(Beginning of GIVEN DATA)

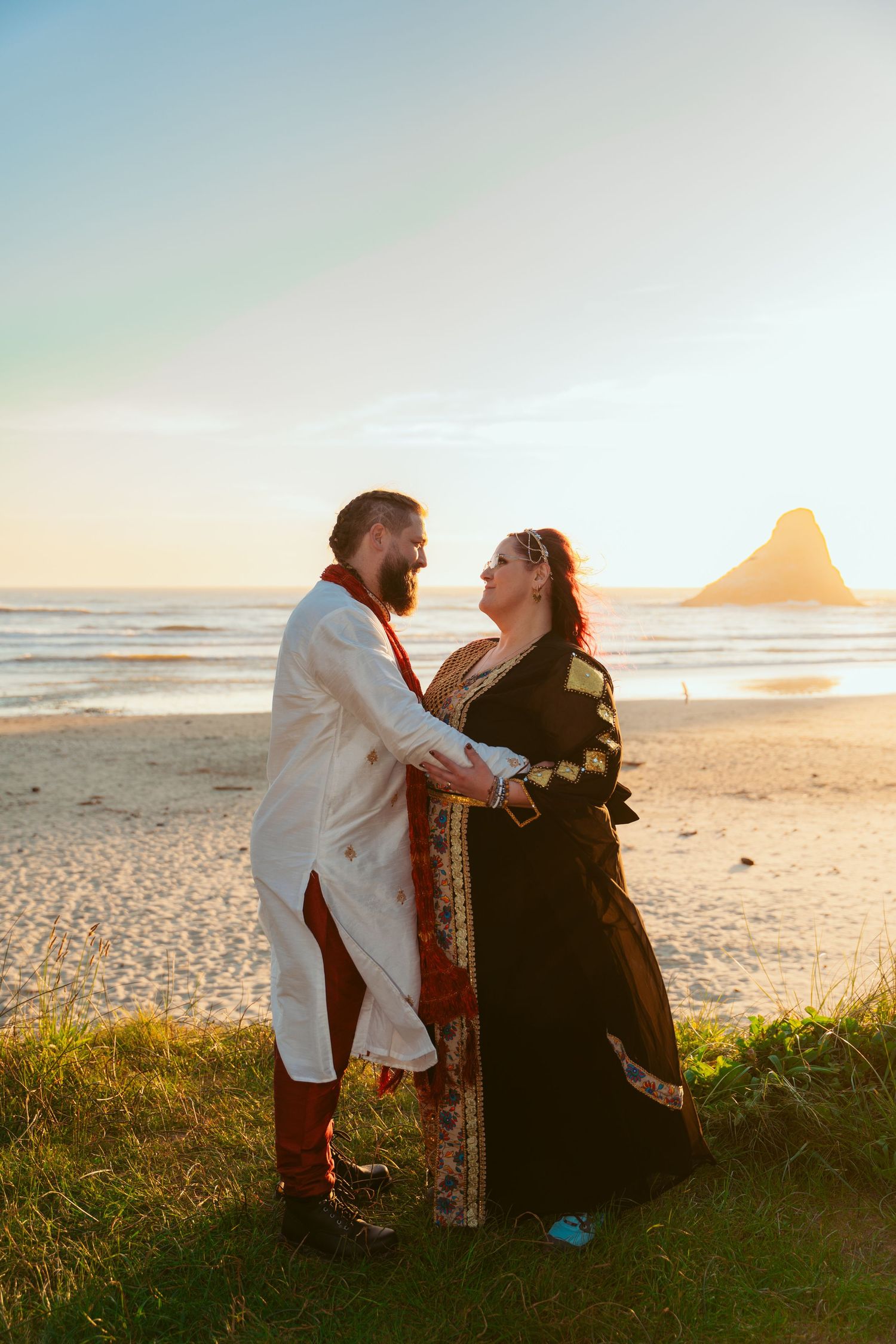 A couple shares an intimate moment on a beach at sunset with coastal rock formations in the distance.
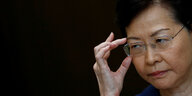 Hongkongs Regierungschefin Carrie Lam rückt ihre Brille zurecht und blickt sehr streng drein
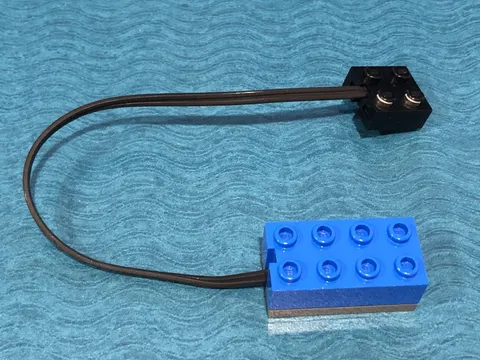 LEGO PART 2982 MINDSTORMS RCX LIGHT SENSOR 9V WITH BLUE 2X4 BRICK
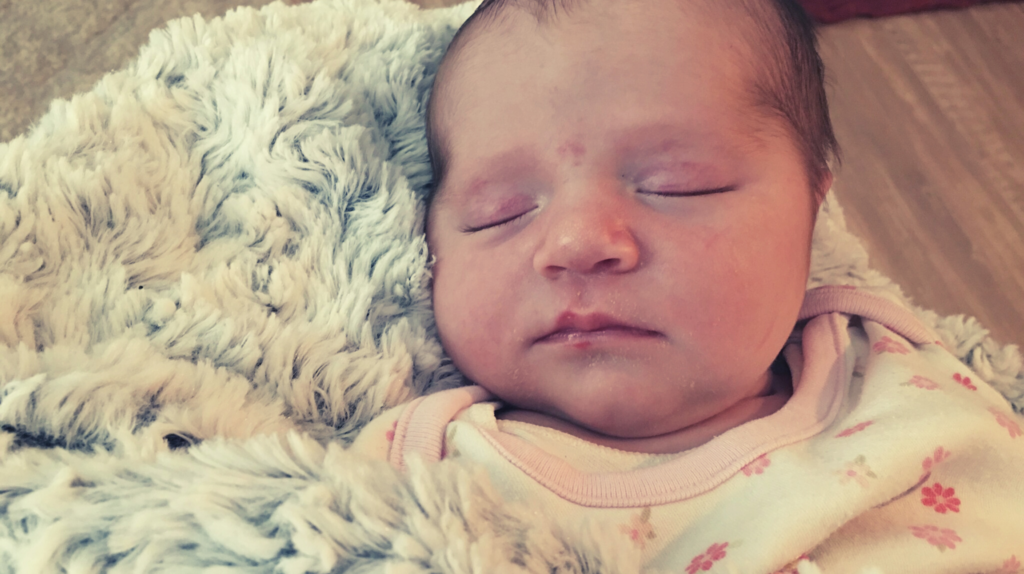 rainbow baby sleeping on fluffy gray blanket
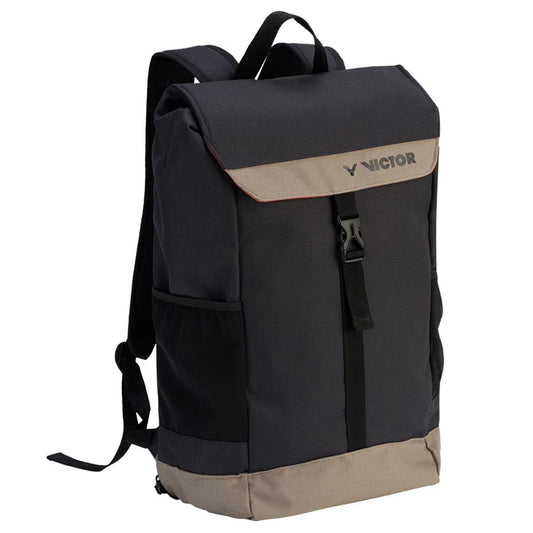 The Victor Rucksack BR3020 CH Badminton Bag in black and beige boasts a flap closure with a buckle, dedicated shoe compartments, and adjustable shoulder straps. The sleek design features the "Victor" logo on the flap, providing a simple yet functional option with flexible volume for all your essentials.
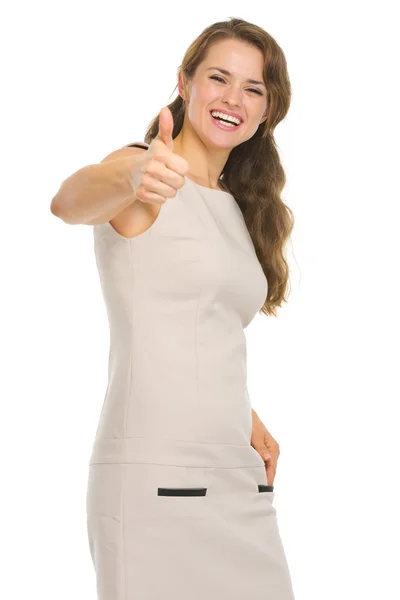 Young woman in dress showing thumbs up — Stock Photo, Image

(End of GIVEN DATA)

* **TASK DIRECTIONS**
Exact repetition of all entries is required. The pictures should not appear.

* **ANSWER BELOW**
 A couple shares an intimate moment on a beach at sunset with coastal rock formations in the distance.
 Hongkongs Regierungschefin Carrie Lam rückt ihre Brille zurecht und blickt sehr streng drein
 LEGO PART 2982 MINDSTORMS RCX LIGHT SENSOR 9V WITH BLUE 2X4 BRICK
 rainbow baby sleeping on fluffy gray blanket
 The Victor Rucksack BR3020 CH Badminton Bag in black and beige boasts a flap closure with a buckle, dedicated shoe compartments, and adjustable shoulder straps. The sleek design features the "Victor" logo on the flap, providing a simple yet functional option with flexible volume for all your essentials.
 Young woman in dress showing thumbs up — Stock Photo, Image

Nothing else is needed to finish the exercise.